Dan ternyata, mereka merasa sangat kecewa dengan apa-apa yang telah di lakukan oleh kedua anaknya yang semuanya laki-laki. Harapannya yang sangat besar atas sesuatu yang diidamkan, tak bisa dilaksanakan dengan baik oleh kedua anaknya.

Motor, yang oleh orang tuanya dibelikan sebagai sarana untuk memudahkan dan melancarkan aktifitas, ternyata tidak bisa dimanfaatkan dengan maksimal. Uang, yang setiap bulannya tidak pernah kekurangan, juga tak bisa digunakan sesuai dengan kebutuhan. Pergaulannya makin tak karuan, dan tak bisa dibendung oleh saudara-saudara orang tuanya di kampung.

Pendek kata, kedua anaknya menyalahgunakan semua fasilitas yang diberikan orang tua kepadanya. Orang tua mana yang tidak marah dengan perilaku seperti itu? Toleransi apalagi yang harus diberikan kepada sang anak?

Terlebih ketika mereka mendengar dari anak pertamanya, bahwa dalam waktu dekat ini sang anak harus secepatnya menikah, padahal ia baru kelas dua SMK. Usut punya usut, ternyata, ia terlibat pergaulan bebas dengan kawan sekolahnya, sehingga kecelakaan ‘perut’ tak dapat dihindari lagi.
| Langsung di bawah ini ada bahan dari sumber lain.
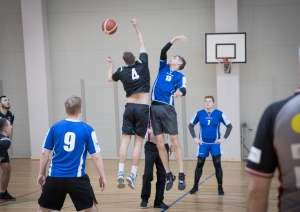 FOTO: Robežsargi spēlē basketbolu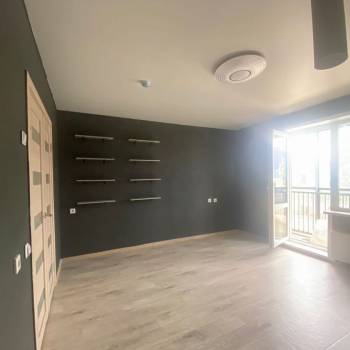 Продается 1-комнатная квартира, 42 м²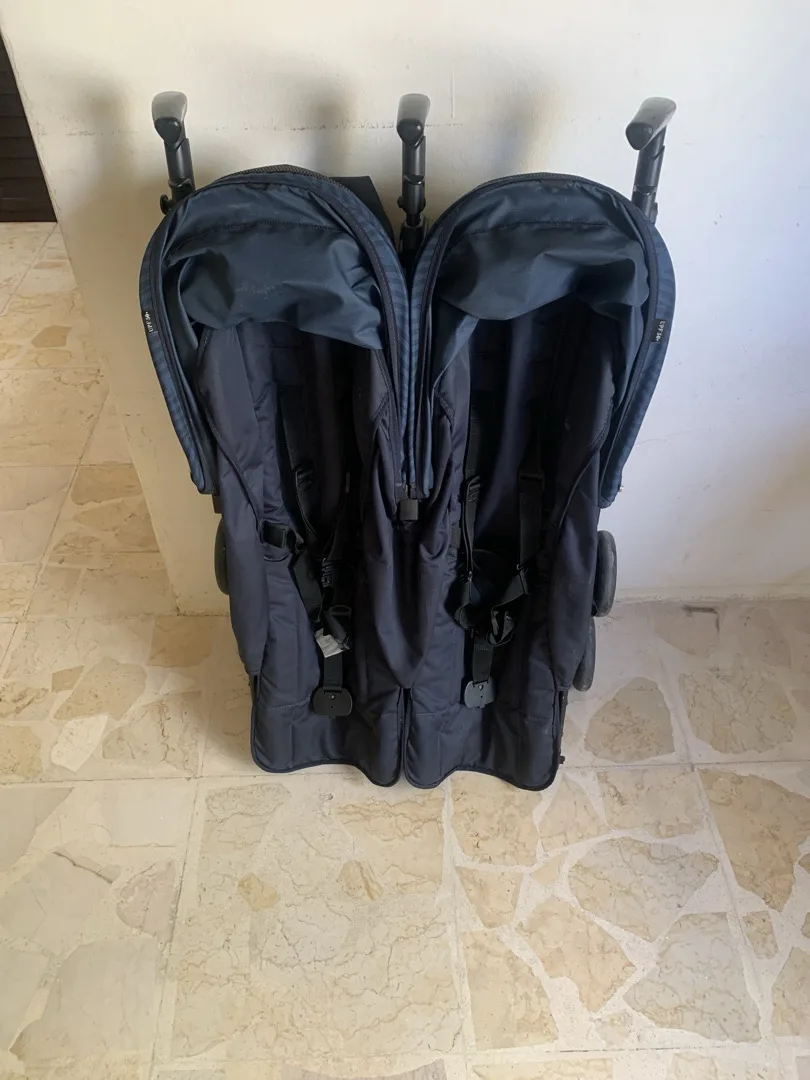 عرباية أطفال ( توأم)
Si gadis hamil, dan harus segera dinikahinya.

Hancur pikiran kedua orang tua itu. Tetesan keringat yang ia tumpuhkan sebagai buruh migran di Timur Tengah, nyaris berujung tidak mengenakan hati. Beban mental kepada masyarakat seolah tak bisa ia tutup tutupi. Malu, adalah kondisi tidak nyaman yang sedang memayungi dirinya.

Problem anaknya, satu persatu dibereskan, nikah dilaksanakan, rumah juga dibelikan. Setelah semuanya ditangani, laki-laki itu berniat untuk merantau lagi. Saat berpamitan dengan keluarga kami, ia mengatakan: “Saya titip anak, Mas. Tolong ditegur kalau ia berbuat kurang baik. ” Saudara saya hanya mengangguk. Ia tak banyak komentar. Ia hanya sedikit bicara tentang kenyataan hidup.

Dalam pembicaraan singkat itu, saya bisa menangkap suatu hikmah dari mereka. Bahwa, tak selamanya uang yang tak pernah kekurangan bisa menjamin segala-galanya. Fasilitas lengkap, juga belum bisa menjadi jaminan sukses seorang anak manusia.

Kenyataan hidup, sering sekali melenceng dari apa yang telah direncanakan. Maksud orang tua ingin melihat kesuksesan pendidikan sang anak, namun yang diharapkan untuk itu tak bisa mengaplikasikannya dengan baik.

Keinginannya untuk mempunyai keturunan yang –paling tidak pendidikannya lebih tinggi dari kedua orang tuanya-, nyaris tak bisa terlaksana, karena untuk sementara waktu ini terganjal oleh kondisi sang anak, yang harus secepatnya menikah.

Laki-laki itu sekarang berangkat merantau lagi. Keberangkatan kali ini, tentu berbeda dengan keberangkatannya seperti masa-masa lalu. Sekarang tentu akan lebih hati-hati dalam mengucurkan fasilitas untuk anak-anaknya. Pengalaman pahit kali ini, tentu bisa menjadi guru dan teladan terbaik untuk langkah-langkah hidup selanjutnya.